I am trying to implement functional style of finding subarray with given sum. Code i wrote is not up to functional style. Can someone help to make it more functional.
Problem : Given an unsorted array of nonnegative integers, find a continous subarray which adds to a given number.
Input: arr[] = {1, 4, 20, 3, 10, 5}, sum = 33 Ouptut: Sum found between indexes 2 and 4
Input: arr[] = {1, 4, 0, 0, 3, 10, 5}, sum = 7 Ouptut: Sum found between indexes 1 and 4
I could solve this problem in brute force approach.
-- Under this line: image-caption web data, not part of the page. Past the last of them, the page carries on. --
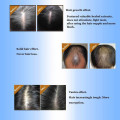 5% Keratin Hair Regrowth Serum Hair Care Deep Repair Damage Hair Root Hair&Scalp Treatment Long Lasting Nourish Mask 30ml TSLM2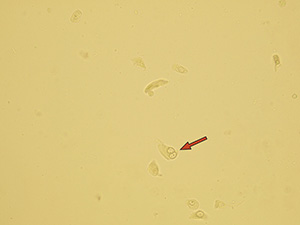 Transitional epithelial cell with two nuclei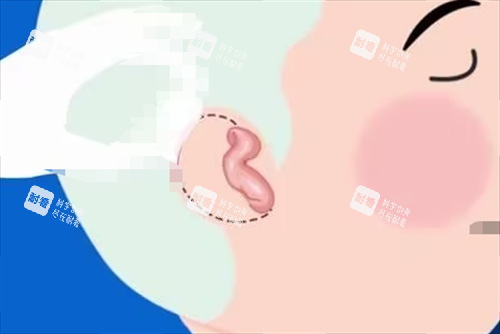 儿童耳再造耳畸形展示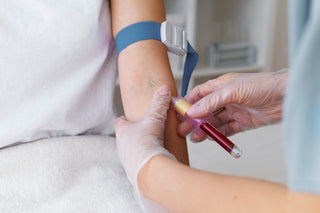 Platelet Rich Fibrin (PRF)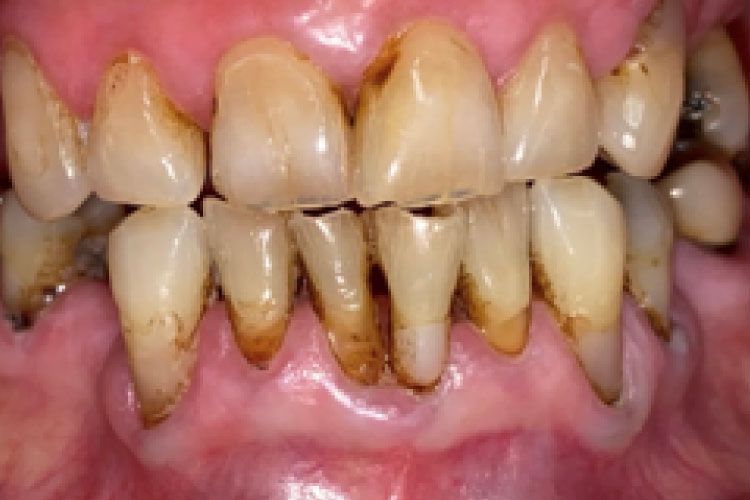 Close-up of human teeth showing significant plaque buildup and discoloration, suggesting poor oral hygiene.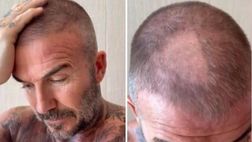 Ex Milan, Beckham combina un guaio e la moglie lo prende in giro | VIDEO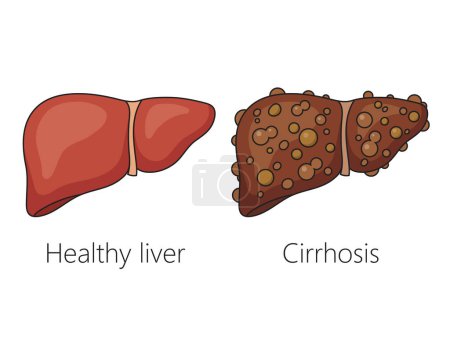 Illustration for Healthy liver and liver with cirrhosis disease schematic vector illustration. Medical science educational illustration - Royalty Free Image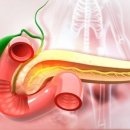생존율 최하 췌장암, '이것' 신호 살펴야 이미지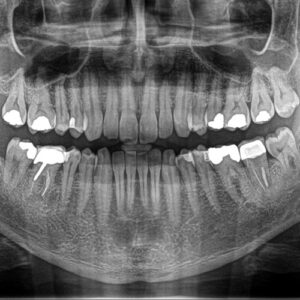 عکس رادیولوژی دهان و دندان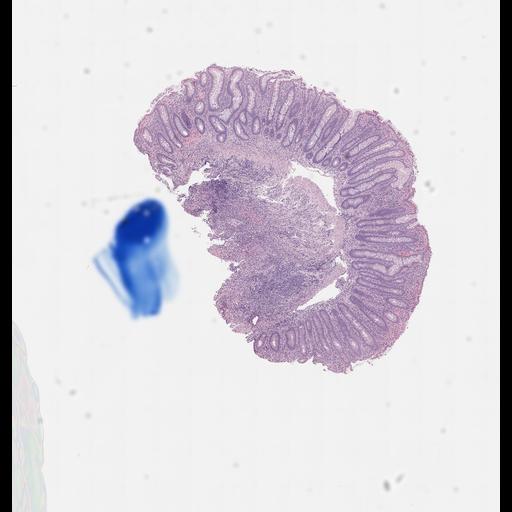  NCBI Organism:Homo sapiens, ; Biological process:;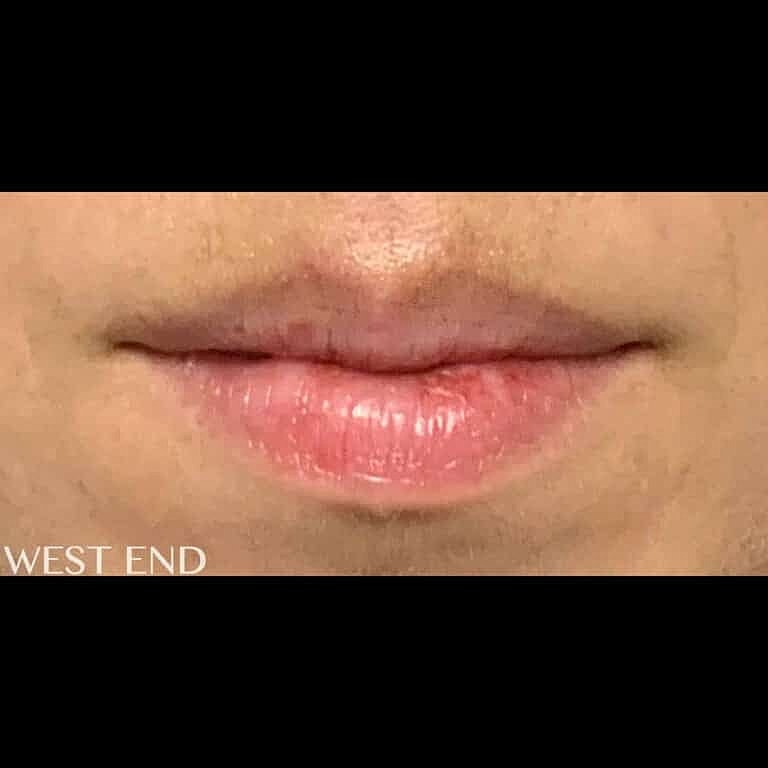 Dermal Fillers Before & After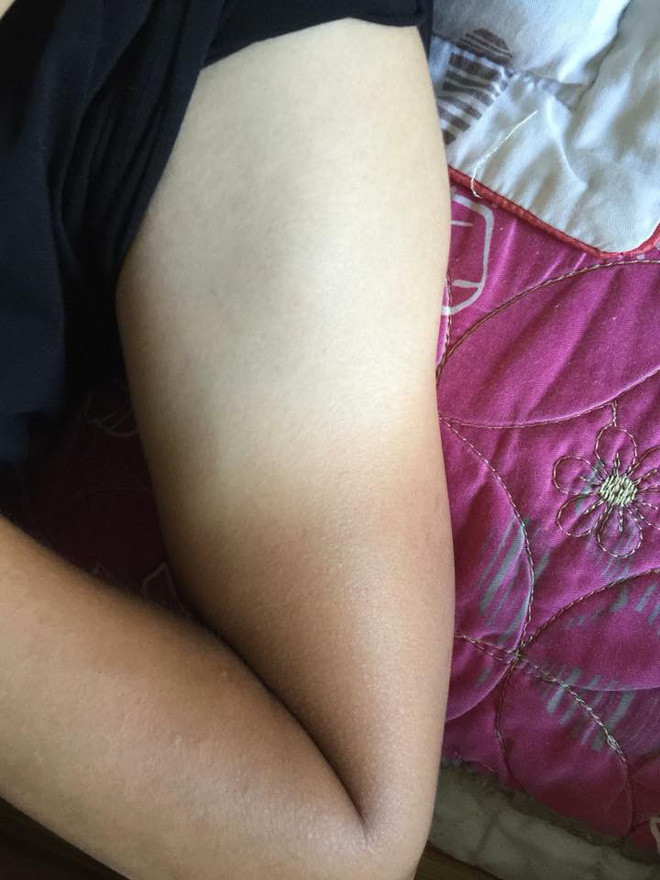 Chính bởi vì việc sợ cháy nắng mùa hè, nhiều người ra đường với khẩu trang, áo chống nắng, găng tay che kín mặt mũi và được dân mạng gọi đây là team Ninja.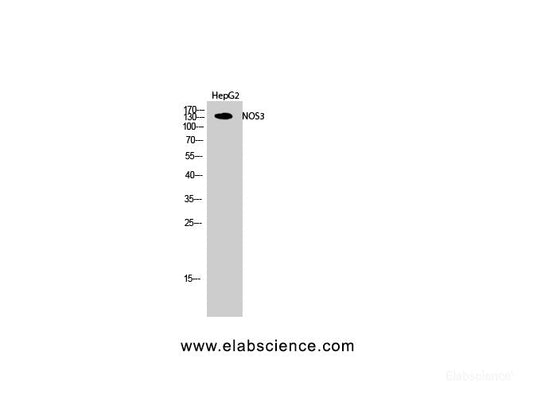 Western Blot analysis of HepG2 cells with NOS3 Polyclonal Antibody.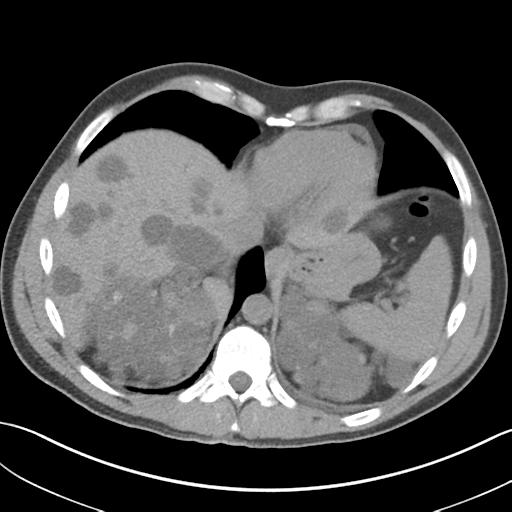 Adult polycystic kidney disease (Radiopaedia 47866-52626 Axial non-contrast 10).png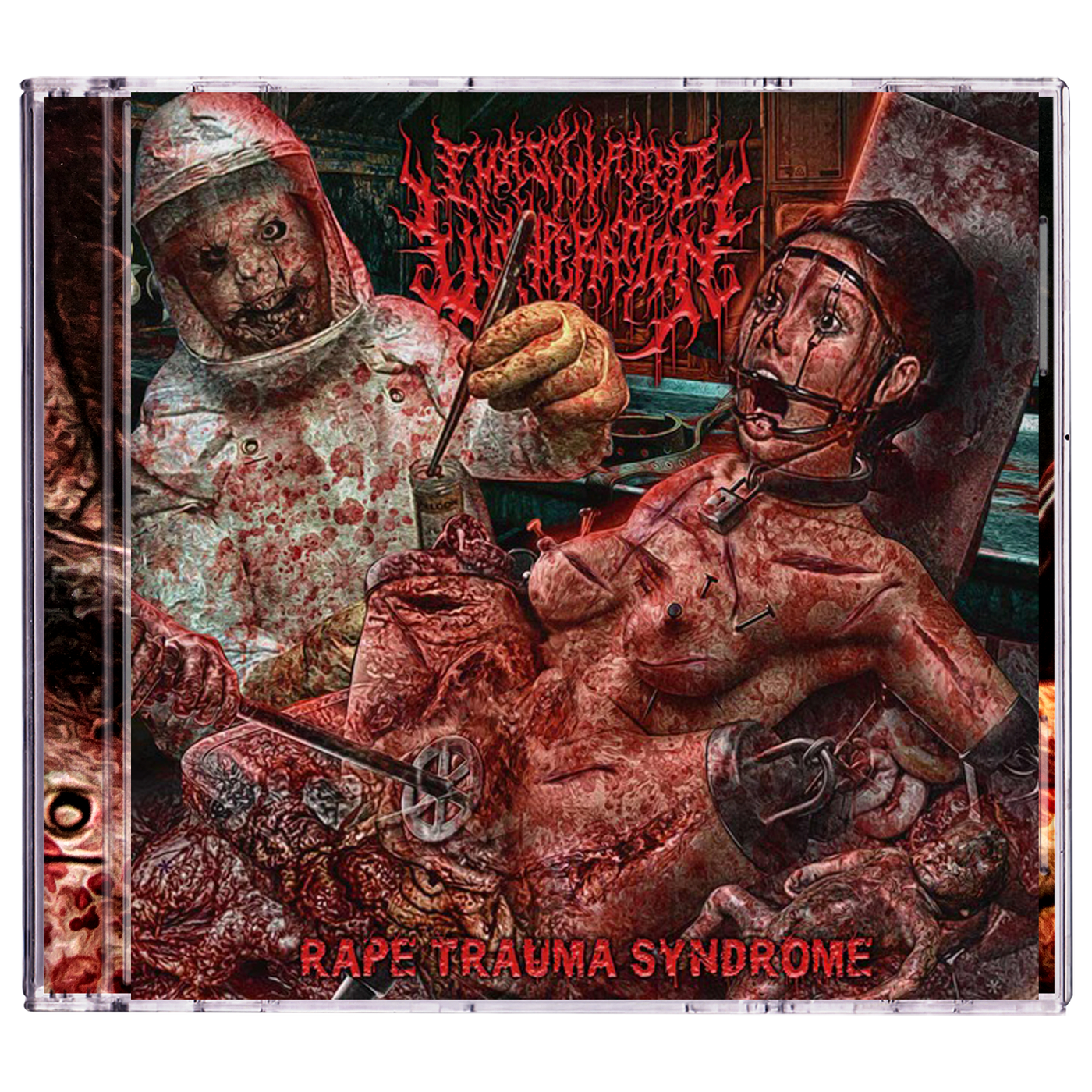 Emasculated Vituperation 'Rape Trauma Syndrome' CD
But looking for more effective functional solution.
val sumList = list.foldLeft(List(0), 0)((l, r) => (l._1 :+ (l._2+r), l._2 + r))._1.drop(1)
//Brute force approach
sumList.zipWithIndex.combinations(2).toList.collectFirst({
case i if i(1)._1 - i(0)._1 == sum => i
}) match {
case Some(List(x, y)) => println("elements which form the given sum are => "+ list.drop(x._2+1).take(y._2-x._2))
case _ => println("couldn't find elements which satisfy the given condition")
}
Algorithm : Initialize a variable curr_sum as first element. curr_sum indicates the sum of current subarray. Start from the second element and add all elements one by one to the curr_sum. If curr_sum becomes equal to sum, then print the solution. If curr_sum exceeds the sum, then remove trailing elemnents while curr_sum is greater than sum.
val list:List[Int] = List(1, 4, 20, 3, 10, 5)
val sum = 33
val (totalSum, start, end, isSumFound) = list.zipWithIndex.drop(1).foldLeft(list.head, 0, 1, false)((l, r) =>
if(!l._4) {
val tempSum = l._1 + r._1
if (tempSum == sum){
(sum, l._2, r._2, true)
} else if(tempSum > sum){
var (curSum, curIndex) = (tempSum, l._2)
while(curSum > sum && curIndex < list.length-1){
curSum = curSum - list(curIndex)
curIndex = l._2 +1
}
(curSum, curIndex, r._2, curSum == sum)
} else {
(tempSum, l._2, r._2, false)
}
}else
l
)
if(isSumFound || totalSum == sum){
println("elements which form the given sum are => "+ list.drop(start+1).take(end-start))
}else{
println("couldn't find elements which satisfy the given condition")
}
val list:List[Int] = List(1, 4, 20, 3, 10, 5)
val sum = 33
A method to return a iterator of sublists, first with the ones that start with the first element, then starting with the second...
def subLists[T](xs:List[T]):Iterator[List[T]] =
if (xs == Nil) Iterator.empty
else xs.inits ++ subLists(xs.tail)
Find the first list with the correct sum
val ol = subLists(list).collectFirst{ case x if x.sum == sum => x}
Then find the index again, and print the result
ol match {
case None => println("No such subsequence")
case Some(l) => val i = list.indexOfSlice(l)
println("Sequence of sum " + sum +
" found between " + i +
" and " + (i + l.length - 1))
}
//> Sequence of sum 33 found between 2 and 4
(you could keep track of the index associated with the sublist when building the iterator, but that seems more trouble than it is worth, and reduces the general usefulness of subLists)
EDIT: Here's a version of the code you posted that's more "functional". But I think my first version is clearer - it's simpler to separate the concerns of generating the sequences from checking their sums
val sumList = list.scanLeft(0){_ + _}
val is = for {i <- 1 to list.length - 1
j <- 0 to i
if sumList(i)-sumList(j) == sum}
yield (j, i-1)
is match {
case Seq() => println("No such subsequence")
case (start, end) +: _ =>
println("Sequence of sum " + sum +
" found between " + start + " and " + end )
}
//> Sequence of sum 33 found between 2 and 4
EDIT2: And here's an O(N) one. "Functional" in that there are no mutable variables, but it's less clear than the others, in my opinion. It's a bit clearer if you just print the results as they are found (no need to carry the rs part of the accumulator between iterations) but that side-effecting way seems less functional, so I return a list of solutions.
val sums = list.scanLeft(0)(_ + _) zipWithIndex
sums.drop(1).foldLeft((sums, List[(Int, Int)]())) {
case ((leftTotal, rs), total) =>
val newL = leftTotal.dropWhile(total._1 - _._1 > target)
if (total._1 - newL.head._1 == target)
(newL, (newL.head._2, total._2 - 1) :: rs)
else (newL, rs)
}._2
//> res0: List[(Int, Int)] = List((2,4))
O(N) because we pass the shortened newL as the next iterations leftTotal, so dropWhile only ever goes through the list once. This one relies on the integers being non-negative (so adding another element cannot reduce the total), the others work with negative integers too.